[What you are asked to do]: Retype only what runs from the line with "Divani Casa Pella" through the end of the entries, exactly and in full, but omit any picture you find.

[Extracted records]
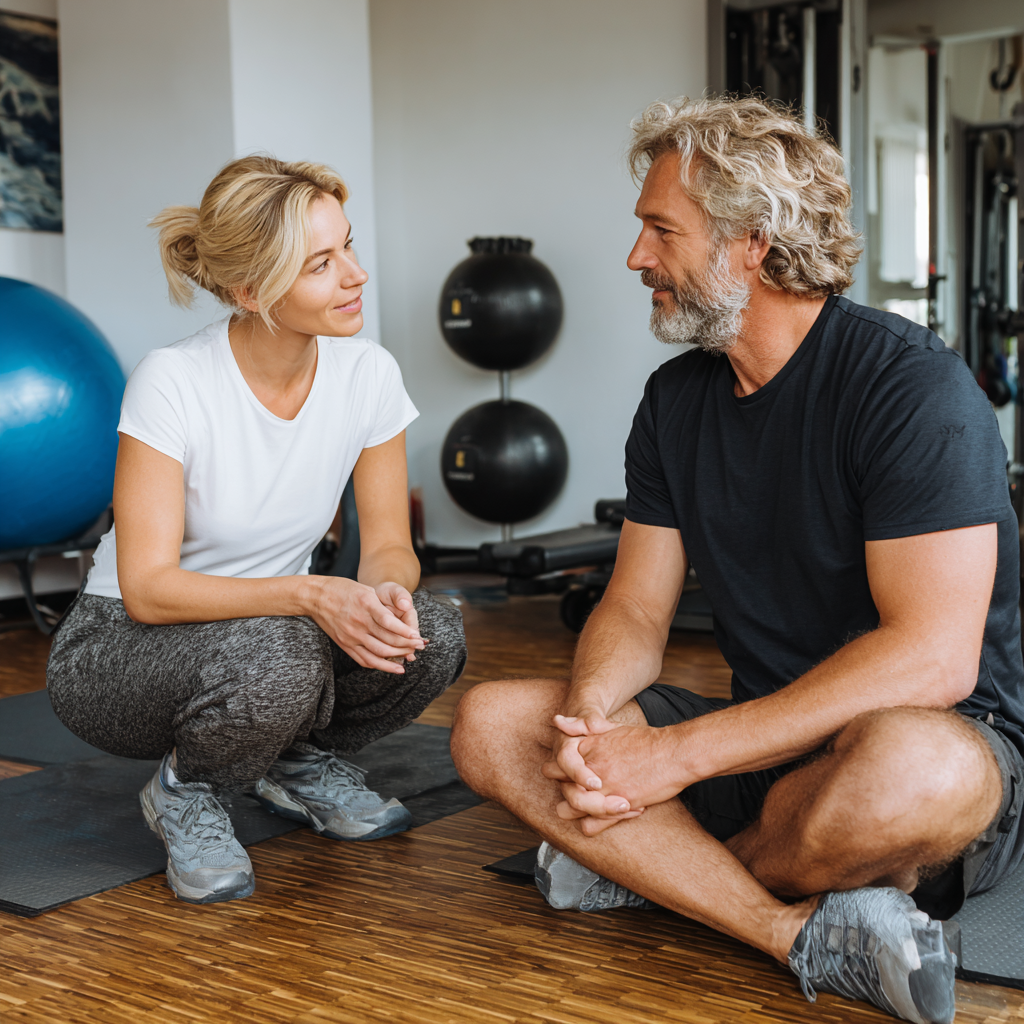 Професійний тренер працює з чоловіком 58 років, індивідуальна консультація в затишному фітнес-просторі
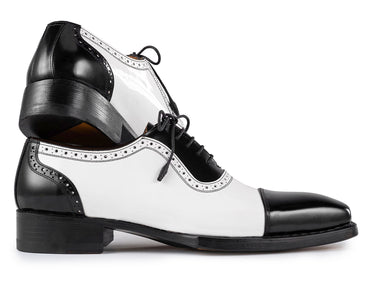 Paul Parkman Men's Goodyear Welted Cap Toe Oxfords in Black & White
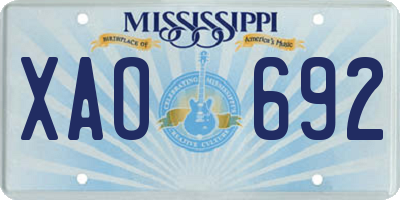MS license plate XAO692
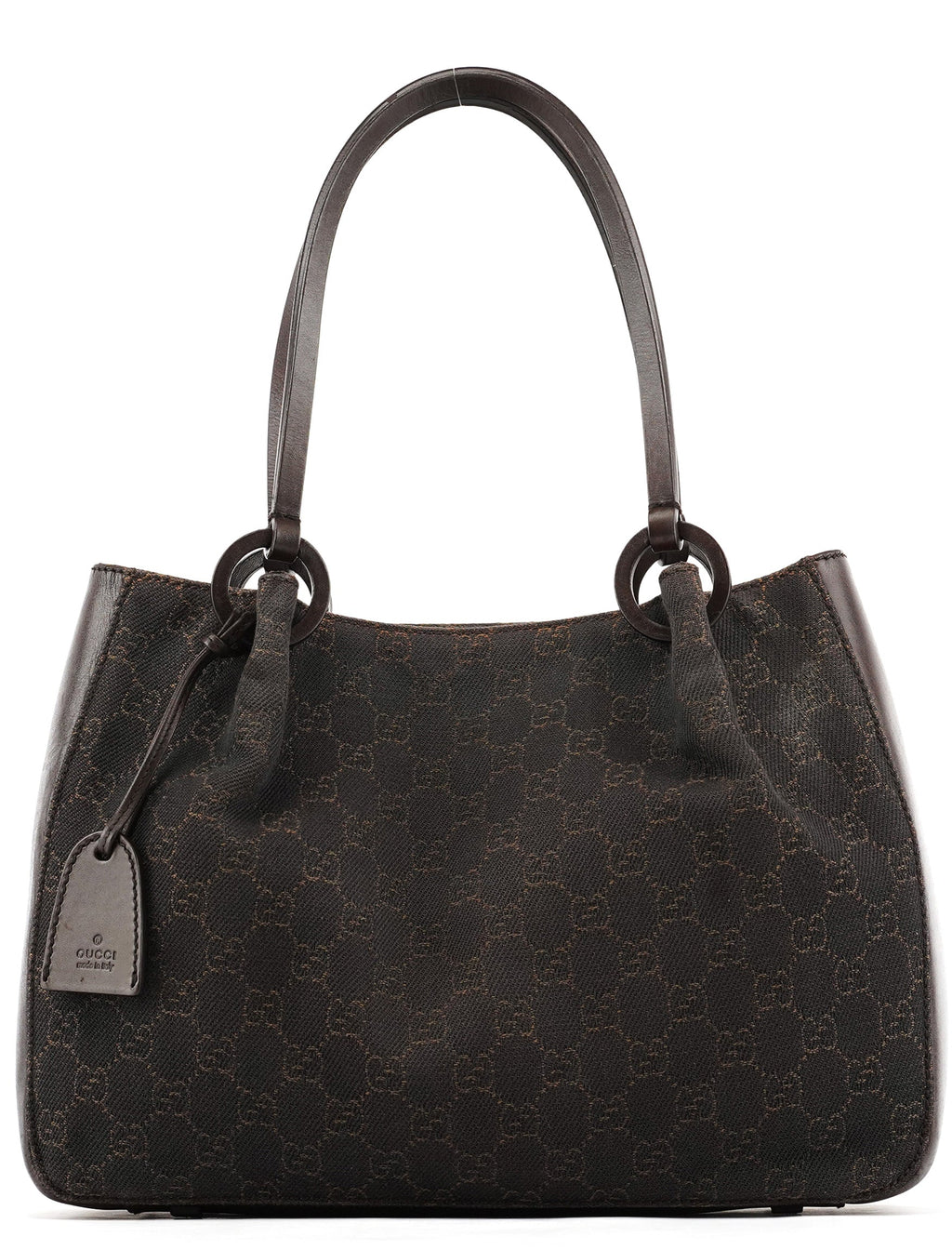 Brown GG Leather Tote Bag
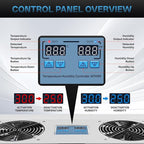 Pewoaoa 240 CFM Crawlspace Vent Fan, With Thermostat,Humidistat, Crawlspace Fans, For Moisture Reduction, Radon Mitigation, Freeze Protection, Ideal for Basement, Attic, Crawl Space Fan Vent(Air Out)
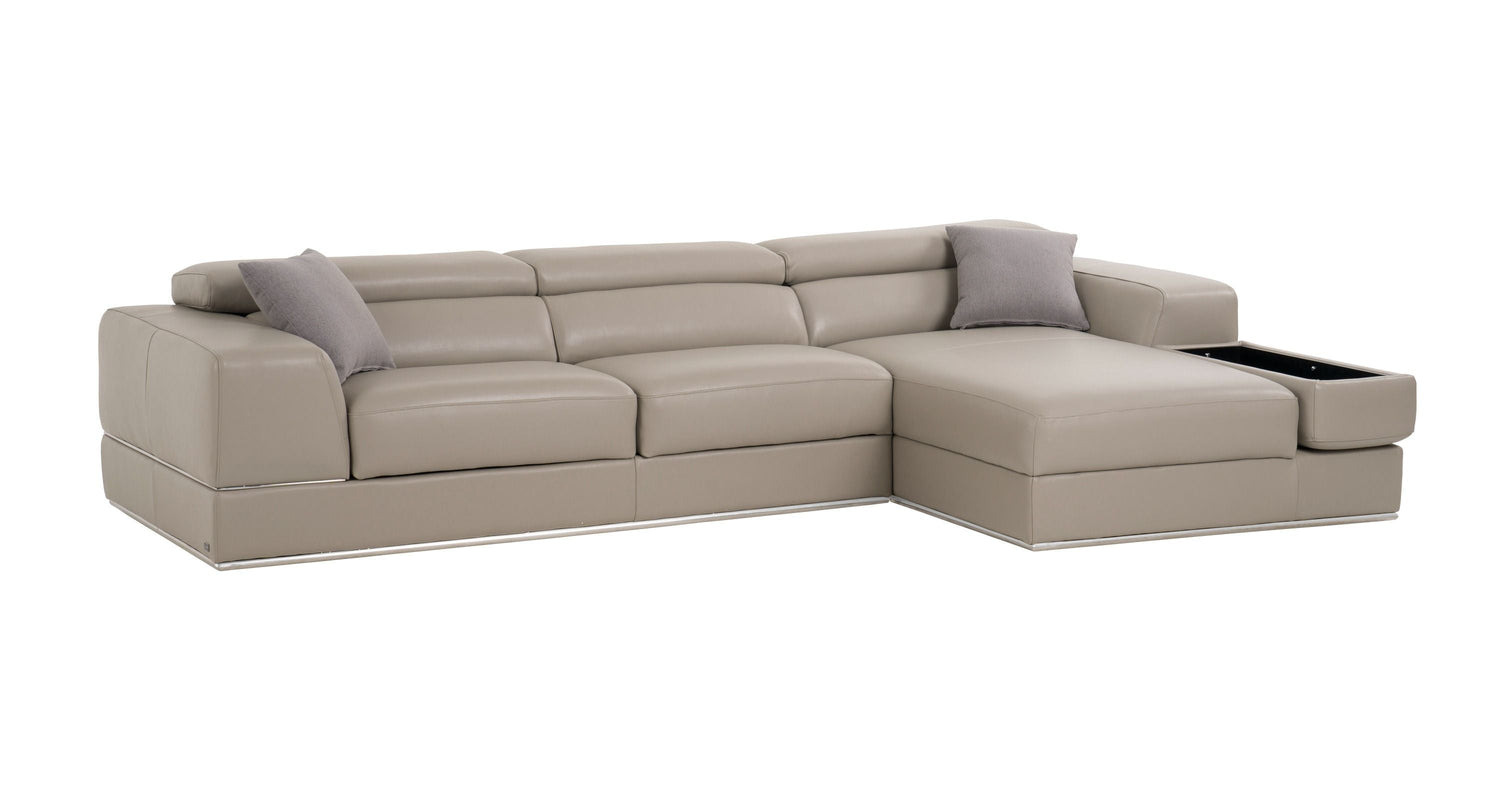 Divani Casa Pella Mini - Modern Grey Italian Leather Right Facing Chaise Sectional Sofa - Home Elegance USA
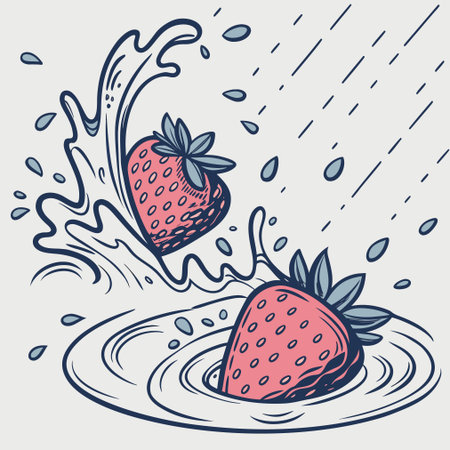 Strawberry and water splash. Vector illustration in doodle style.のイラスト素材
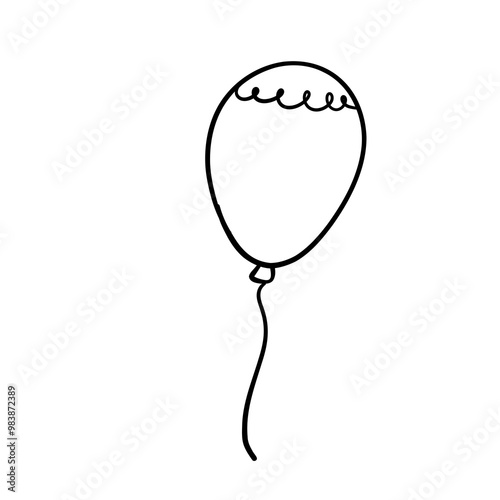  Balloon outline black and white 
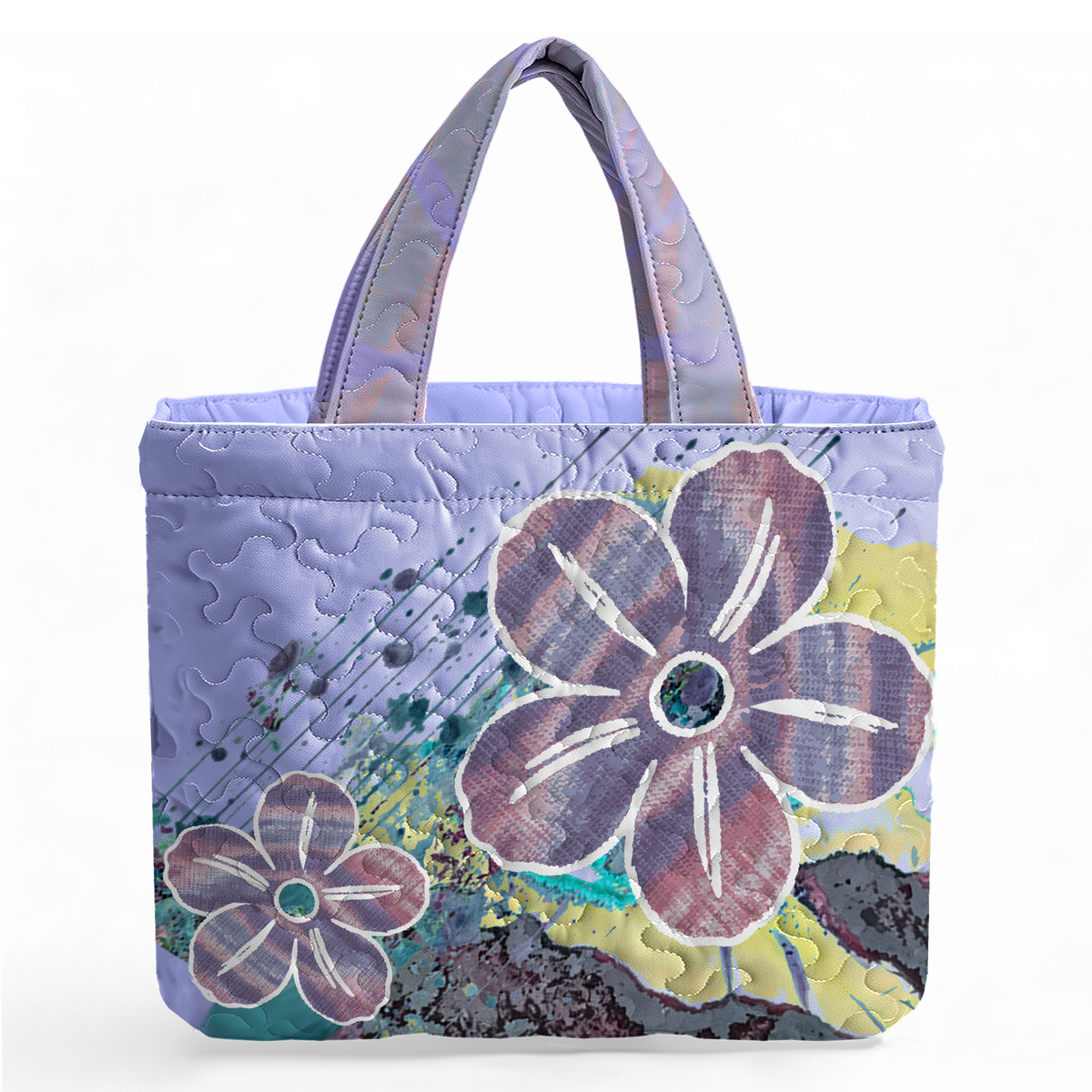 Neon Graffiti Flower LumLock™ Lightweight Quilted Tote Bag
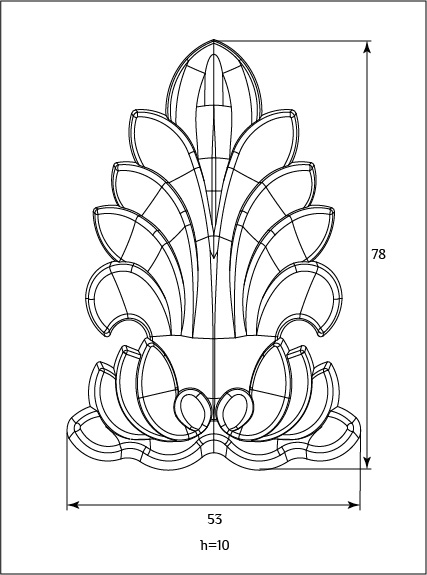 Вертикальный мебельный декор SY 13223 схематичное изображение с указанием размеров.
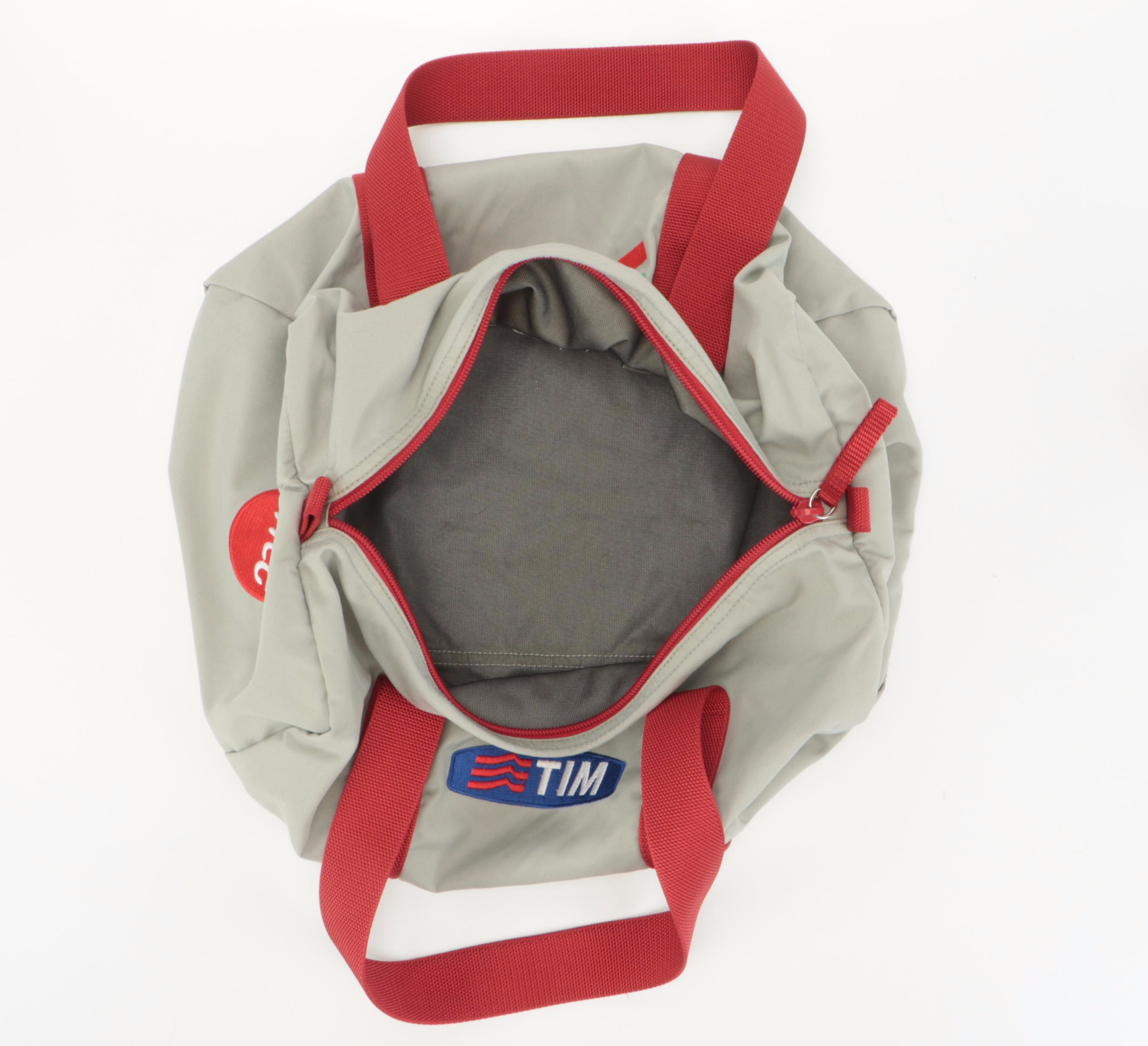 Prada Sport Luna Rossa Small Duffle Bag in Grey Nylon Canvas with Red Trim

[Result for this exercise]:
 Divani Casa Pella Mini - Modern Grey Italian Leather Right Facing Chaise Sectional Sofa - Home Elegance USA
 Strawberry and water splash. Vector illustration in doodle style.のイラスト素材
  Balloon outline black and white 
 Neon Graffiti Flower LumLock™ Lightweight Quilted Tote Bag
 Вертикальный мебельный декор SY 13223 схематичное изображение с указанием размеров.
 Prada Sport Luna Rossa Small Duffle Bag in Grey Nylon Canvas with Red Trim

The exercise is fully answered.